Harvest begins for northern fireweed and mushrooms

Jul 18, 2023 | 12:58 PM

Chantarelle mushroom buyers are offering $10 per pound for the boreal delicacy, the highest amount paid since at least 2018.

Chanterelles are the most sought-after mushroom in northern Saskatchewan, prized for their high quality and unique taste. Every year, buyers for B.C.-based companies set up camp at the Highway 2 and 165 junction to purchase mushrooms from local pickers.

Gailene Cook has been at that location since July 9 and she is currently buying mushrooms for $10 per pound. In 2022, she was offering $8.

“I guess they are not getting the amount they want,” Cook, who buys for West Coast Wild Foods from Burnaby, said. “I’m not really sure why, they just tell me what to do and I do it.”

Cook explained the mushroom harvesting season is about two weeks early. She noted they are just starting to appear, adding if there’s a good amount of rain soon, it should be a healthy harvest. The harvest typically lasts until the end of August or early September.
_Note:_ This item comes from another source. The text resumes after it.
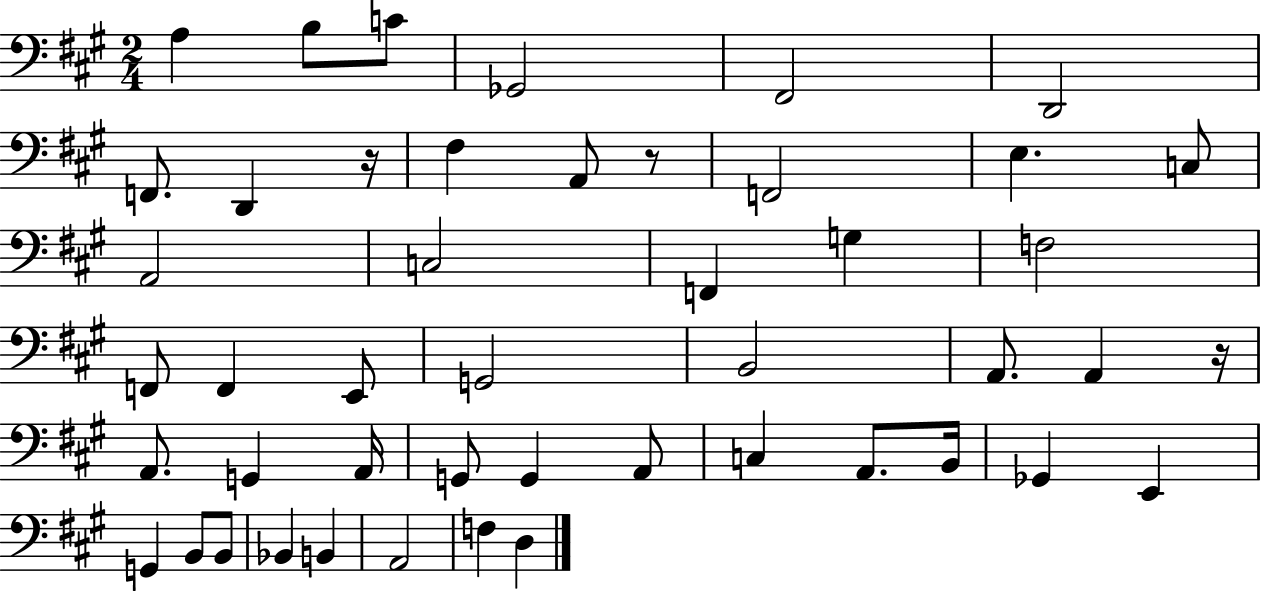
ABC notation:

“I think more people are starting to just go pick on weekends and stuff that haven’t picked before, and they are taking their kids out to make extra money for the fair this weekend,” Cook said.
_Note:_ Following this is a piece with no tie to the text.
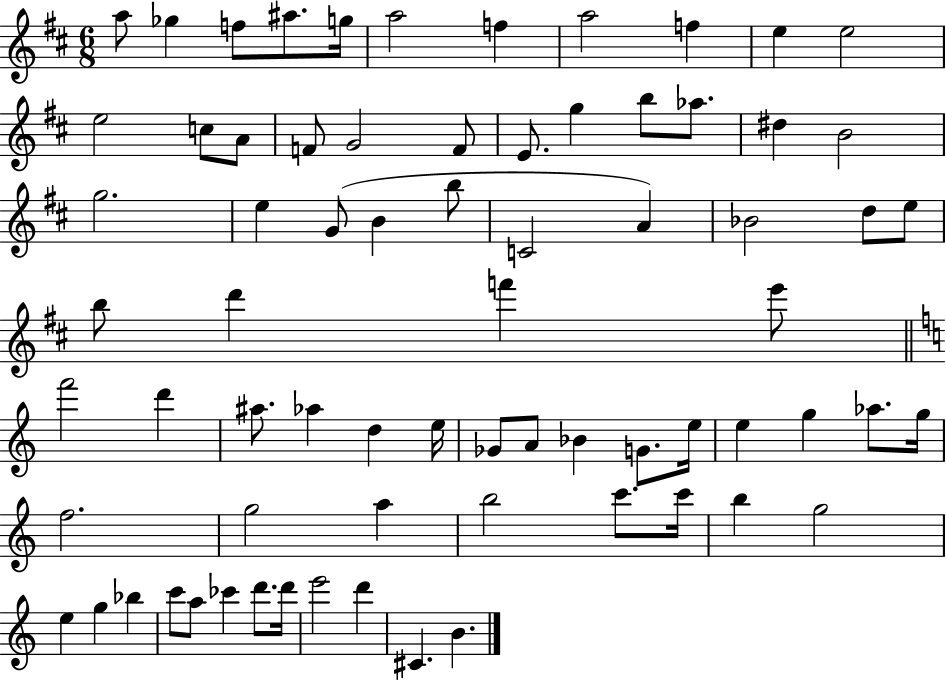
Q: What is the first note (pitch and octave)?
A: A5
After the mushrooms are transported to B.C. and sorted by size, they are sent to countries around the world. The price for mushrooms tends to fluctuate every year with the buying price being $6.50 in 2020 and 2021.

Fireweed harvest strong in 2023

While Air Ronge-based Boreal Heartland Herbal Products isn’t buying mushrooms this year because they still have enough in stock from 2022, they have been purchasing fireweed. On July 17, they had to momentarily pause receiving more fireweed from pickers because all of their drying sheds were at capacity. Boreal Heartland has a quota of tens of thousands of pounds it needs to meet.

Boreal Heartland drying sheds are currently at capacity with fireweed. (Facebook/Boreal Heartland)

“It takes about five to seven days for it to dry, so we will shut down buying for a couple of days until we get some space in our sheds, then we are going to open up again for a little while and fill our quota from there,” said Keewatin Community Development Association CEO Randy Johns, who manages Boreal Heartland.

Some of the fireweed collected is used in Boreal Heartland’s tea that is marketed all across Canada. Boreal Heartland also has a contract with a company in Saskatoon that turns the fireweed into an extract to be dandruff shampoo, skin cream and more. Johns was offering .70 cents per pound for fireweed this summer.

“All over, locally, around the La Ronge and Air Ronge area,” he said about where the fireweed is coming from.

“There is some that is coming from some of those fires that burned last year up by Grandmother’s Bay and Lynx Lake. There’s other stuff just coming from the ditches. There’s a lot of fireweed around this year. It’s a plant that seems to like smoke and it’s been pretty smoky, so there’s lots of fireweed around and it’s been coming in really well.”